Start of Exercise inputs

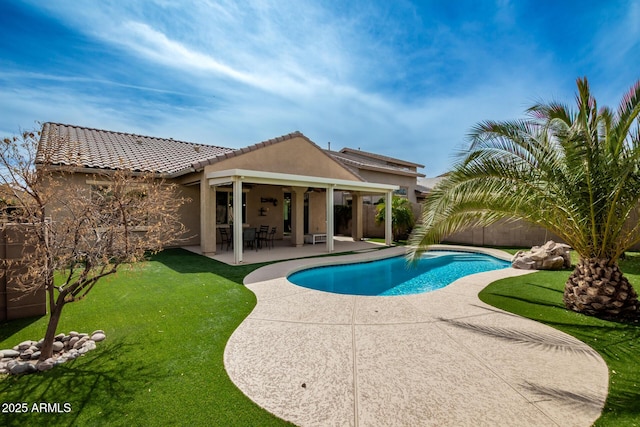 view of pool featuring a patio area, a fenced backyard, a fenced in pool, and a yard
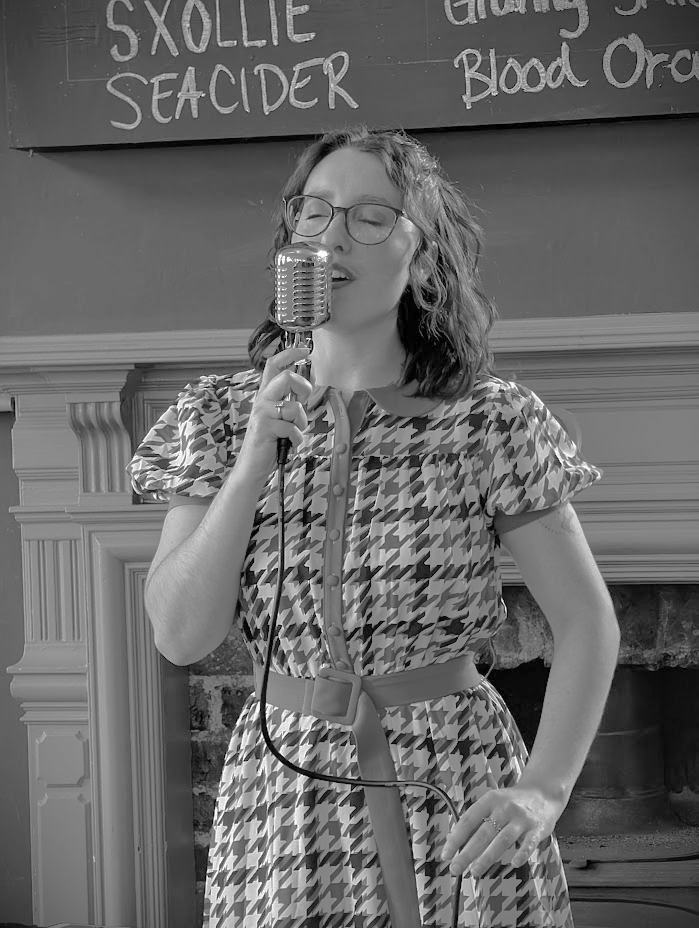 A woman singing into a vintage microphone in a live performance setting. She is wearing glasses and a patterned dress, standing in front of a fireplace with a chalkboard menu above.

End of Exercise inputs
Start of Exercise inputs

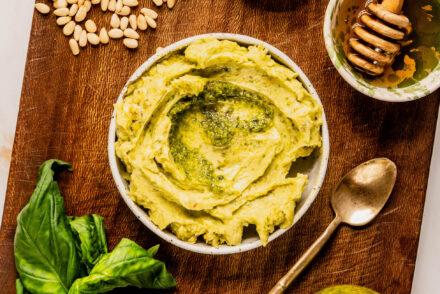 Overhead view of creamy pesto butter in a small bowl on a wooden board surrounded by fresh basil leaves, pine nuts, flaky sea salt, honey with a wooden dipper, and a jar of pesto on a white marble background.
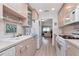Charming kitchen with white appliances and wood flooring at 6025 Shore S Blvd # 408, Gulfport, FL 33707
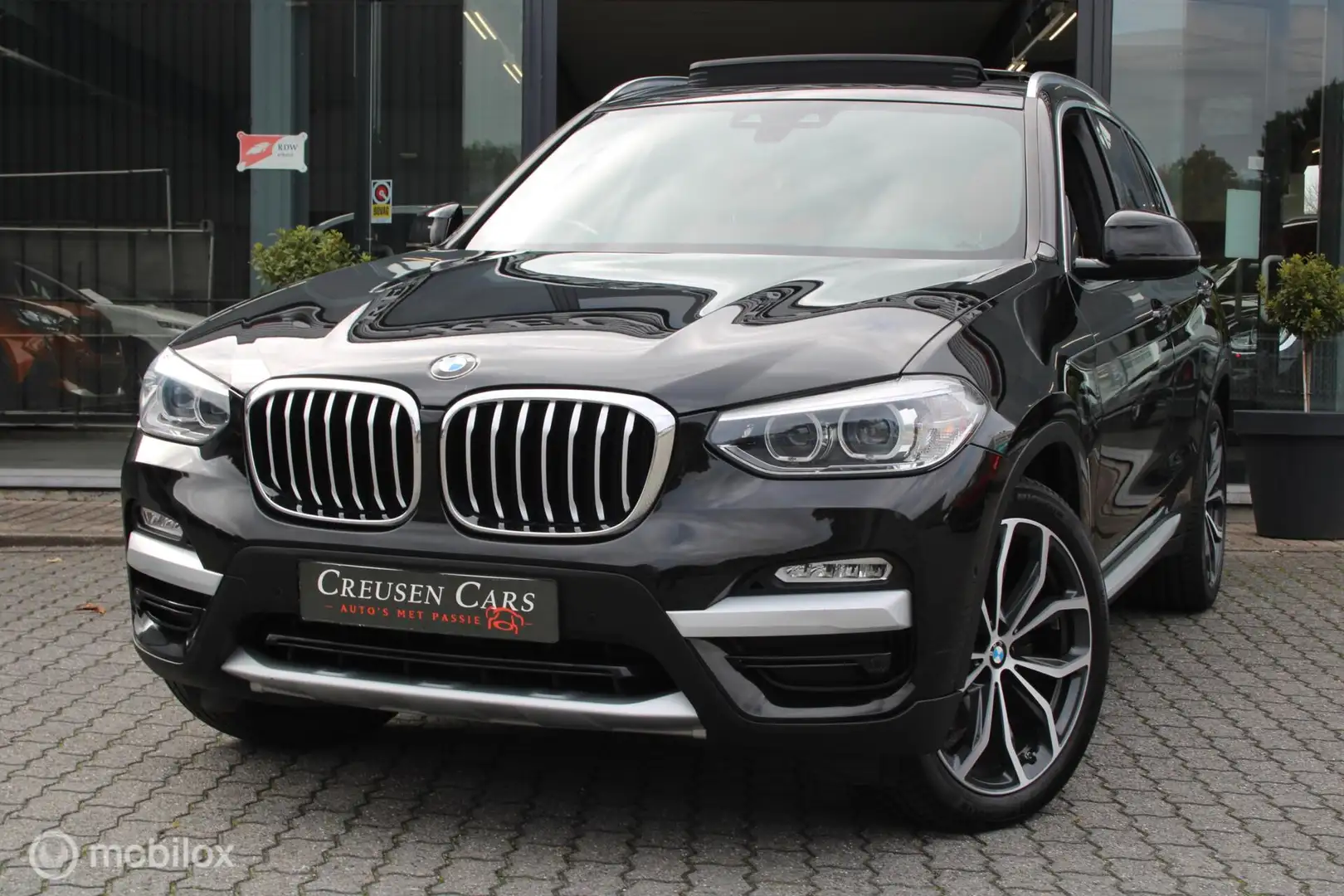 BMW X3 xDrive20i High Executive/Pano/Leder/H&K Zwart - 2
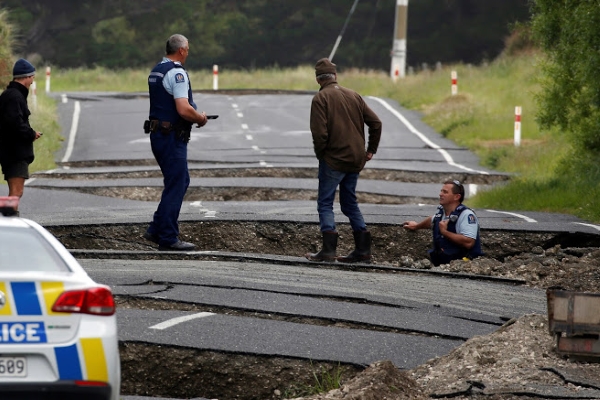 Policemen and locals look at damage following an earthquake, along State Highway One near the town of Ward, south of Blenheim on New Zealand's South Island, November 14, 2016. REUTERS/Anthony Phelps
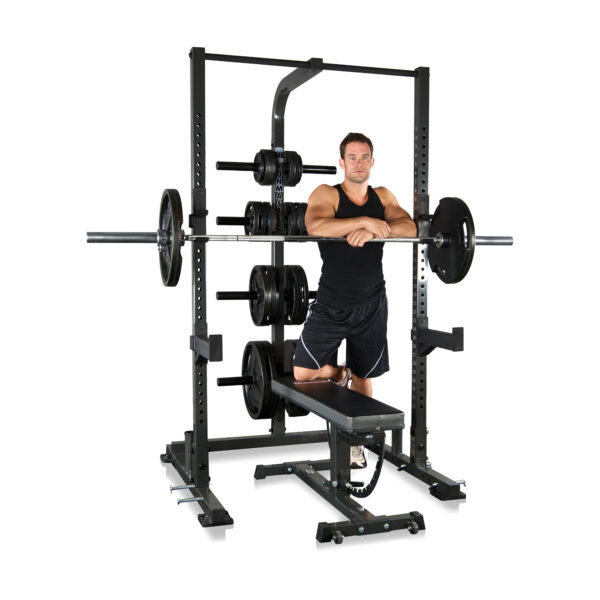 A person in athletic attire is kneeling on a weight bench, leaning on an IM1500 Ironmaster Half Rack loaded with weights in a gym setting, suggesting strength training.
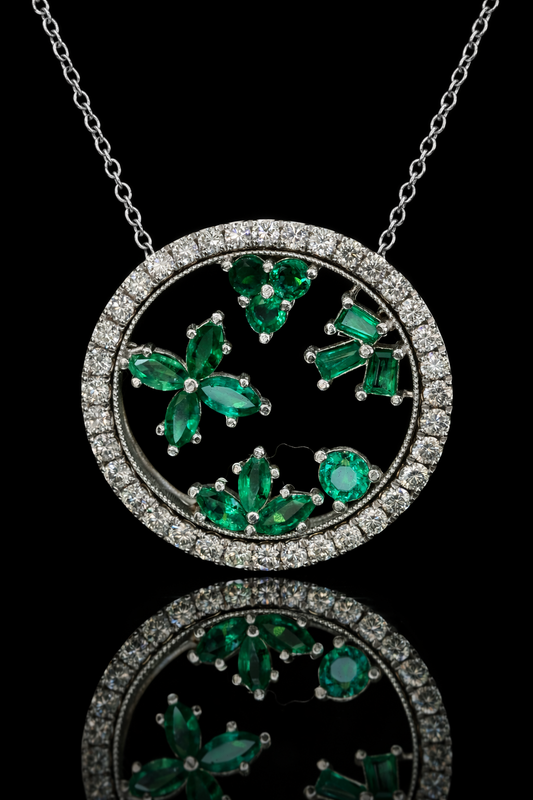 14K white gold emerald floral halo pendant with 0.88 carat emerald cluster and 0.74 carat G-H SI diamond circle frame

End of Exercise inputs

- _Work instruction_: Would you copy, word for word, only the lines above from the one containing "BMW X3 xDrive20i" through the one containing "Policemen and locals", both included, and please leave out the pictures?

- _Exercise output_:
 BMW X3 xDrive20i High Executive/Pano/Leder/H&K Zwart - 2
 Policemen and locals look at damage following an earthquake, along State Highway One near the town of Ward, south of Blenheim on New Zealand's South Island, November 14, 2016. REUTERS/Anthony Phelps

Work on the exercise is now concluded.